For this project I was able to easily acquire data sets all mainly from MassGIS (see Data Sources). The particular challenge with this analysis, however, was making the correct assumptions and decisions when it came to normalizing and what exactly my choice was arguing. With such an abundance of data, the difficulty was sifting through it all and choosing which layers to join and analyze together. Generally speaking, many of the classic urban economic features were found in the data. The monocentric city model offers an economic definition for a city and allows one to analyze its functions based upon it. In this case, all the transit analysis showed a higher demand for transport outside the city while the densest transit was found in within what the model defines as the Central Business District (CBD). Additionally, the major roadways and above average sales map showed how highway development somewhat dictates spatial patterning of expensive homes. Although my analysis was solely going to make claims about the Boston Seaport District, the following list will touch on the preliminary findings in this project and potential extensions of the research:

 

 

(1) Seaport District: Based on the analysis conducted, I would recommend further research be done on the transportation network, with particular consideration for the roadways. The issue of congestion in this area could be the bane of its economic success and deter new residences from moving there. As part of the data I collected, there are several Excel documents that outline average traffic totals for various traffic counting locations. The data set is a bit shotty and has several gaps, but the next step to better understand the real flow of people in and around Boston would be to join these traffic attributes to the physical locations on the map. Then one can better assess the roadway traffic versus the MBTA usage to figure out how to best mitigate congestion and delays.

 

(2) MBTA Transit: The MBTA has raised fares over the last few years and according to their statistics ridership has decreased across the board. However, their railroad transit lines are a necessity for a large portion of commuters who are coming from 50-60 miles away. A next step if I were to focus on the transportation effiency of the Boston area, would be to manually create datasets based on the MBTA ridership statistics and join those to the spatial attributes.
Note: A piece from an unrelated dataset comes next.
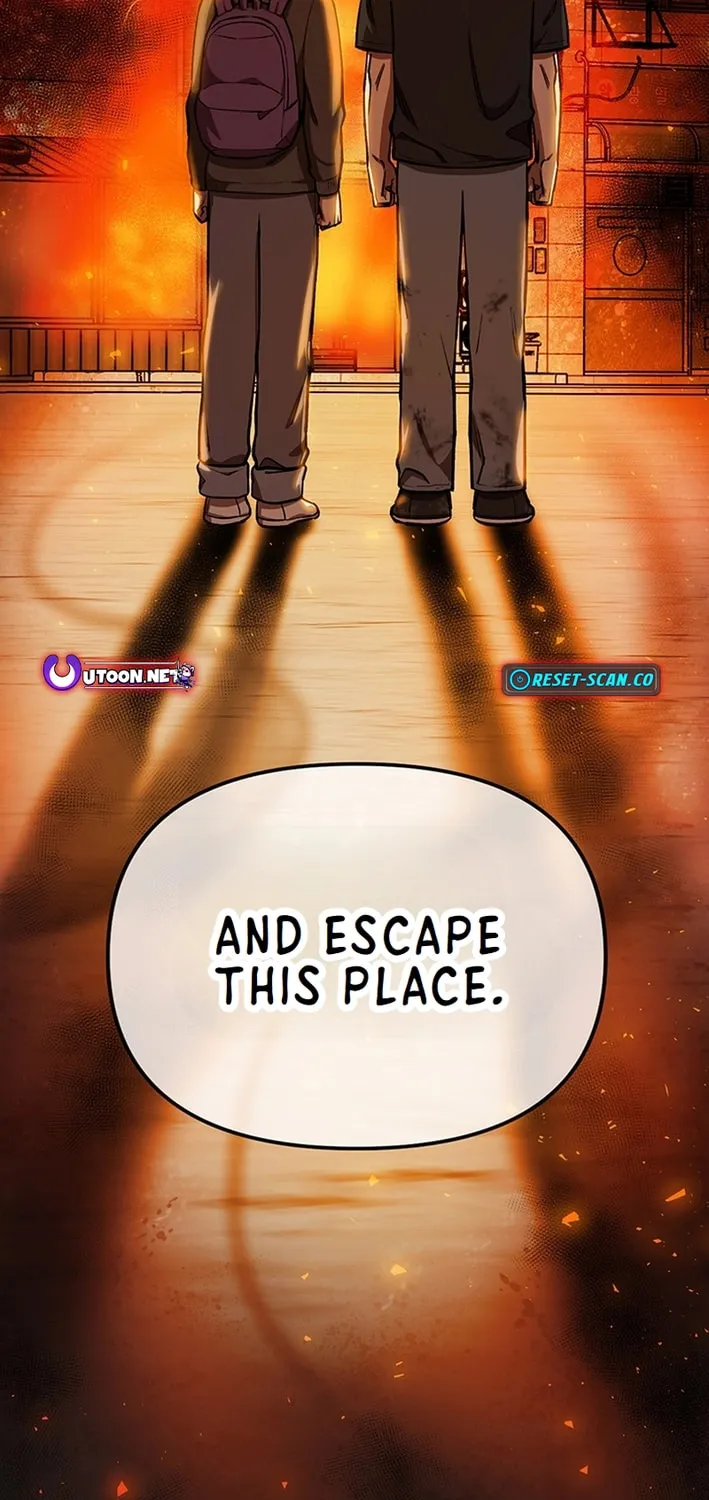 Cosmo's Labyrinth Chapter 2 page 153 -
Additionally, I would collect data on the costs to the MBTA and generate a spatial model of transportation that would carry both congestion and cost data. Perhaps there are transport solutions that cannot yet be seen but could be with a GIS.

 

(3) Boston Metro Real Estate: Another extension of this research will be to tie the population attributes to the census tracts and go deeper in understanding the necessities and variations in transport behaviors of different neighborhoods. From a real estate development standpoint, this would be crucial to knowing how to market certain projects to their target demographics. At present, Waltham seems to be a budding market where average home prices are still much lower compared to the neighboring suburbs. Based on the transportation and property value assessments, any location where a low average home price spatially correlates to a high level of transportation accessibility would be a prime location to consider a real estate investment. Additionally, another qualitative step could be to tie images of the properties to the data and find commonalities in the architecture of similarly priced homes and condos. This would indicate the level of price and one could use the images to show how expensive the Boston Metro area is compared to other areas of Massachusetts.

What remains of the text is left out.